Andrew Cook invests the jealous Duke with enough dark, ironic charisma to bring some complexity to Satine’s choice between her two lovers, with their Rolling Stones duets – “Sympathy for the Devil” and “You Can’t Always Get What You Want” – another highlight. And I developed a very soft spot for the chorus line – Dodemaide, Kara Sims (standing in for Olivia Vásquez), Ruva Ngwenya and Christopher J Scalzo – whose various bodies bring substance to Zidler’s claim that everyone is welcome at Moulin Rouge.

It’s a show that winks at us – knowing it’s a fantasy, knowing it’s absurd – and poises its audience both inside and outside the narrative, rippling with laughter at the musical jokes but also drawn into its sentiment.

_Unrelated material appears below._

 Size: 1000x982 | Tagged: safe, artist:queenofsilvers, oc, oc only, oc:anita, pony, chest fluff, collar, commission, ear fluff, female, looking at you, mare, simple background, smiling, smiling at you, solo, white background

Despite its superficiality – or perhaps because of its shameless and very stylish embrace of it – Moulin Rouge feels fresh. It’s not Sondheim, sure, but I wonder if its free play with form would be possible without him. It certainly feels destined to be a hit. 

Moulin Rouge is at the Regent Theatre, Melbourne, until April 29 and opens at the Capitol Theatre, Sydney, on May 28, 2022.